Cheney, who served as vice president for two terms under President George W. Bush, was one of the most powerful and controversial men ever to hold that position. He was a driving force behind America’s “war on terror,” including the wars in Iraq and Afghanistan, and also known for his penchant for secrecy. A hero to hawkish conservatives, he was a villain to liberals and Democrats.
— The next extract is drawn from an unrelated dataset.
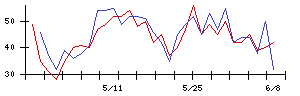 ニレコの値上がり確率推移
Hillary Clinton once compared him to Darth Vader.
A son of the American West, Cheney went from the plains of Casper, Wyoming, to a decades-long public career as a Republican congressman, defense secretary, White House chief of staff and one of the most powerful American vice presidents ever.
In the wake of the September 11 terrorist attacks, he never expressed doubt about his support for indefinite detention for alleged terrorist prisoners or even about waterboarding.
“I feel very good about what we did,” he told Fox News in 2008. “If I was faced with those circumstances again, I’d do exactly the same thing.”
In May 2011, after the death of Osama Bin Laden, Cheney called it a “very good day” for the U.S. but warned the country was “still at war” with terrorists and should not “let down our vigilance.”
After the election of Democratic President Barack Obama in 2008, Cheney, still a face of his party, became one of the new president’s most prominent critics, attacking his foreign policy and accusing him of being soft on terrorism. In addition to his decades-long political career, Cheney also worked in the oil industry as chairman and chief executive officer of the Halliburton Company, from 1995 until he returned to politics in 2000.
In 1968, he moved to Washington as a congressional fellow and in 1969 became a staff assistant in the Richard Nixon administration.
From 1975–77, he was chief of staff for Nixon’s successor, Gerald Ford. In 1978 he was elected to the House of Representatives from Wyoming and served six two-year terms, rising to become minority whip. Cheney was popular in Congress, noted for his integrity and civility.
He next became Secretary of Defense under President George H. W. Bush, with the Senate confirming him unanimously, from 1989–93.
After Bush failed to win re-election, Cheney went to the American Enterprise Institute, a conservative think tank, and then to Halliburton.
He was elected vice president in 2000 and 2004 on the ticket with George W. Bush and flourished as one of Bush’s inner circle of advisers on defense and foreign policy.
He also actively promoted expanding the powers of the presidency. In August 2011, he released a memoir, “In My Time.”
He was born on Jan. 30, 1941, in Lincoln, Nebraska, and grew up in Casper, Wyoming, where he captained his high school football team and married his high school sweetheart, Lynne Vincent, in 1964.
He is survived by Lynne Vincent, two daughters, Elizabeth and Mary, and seven grandchildren.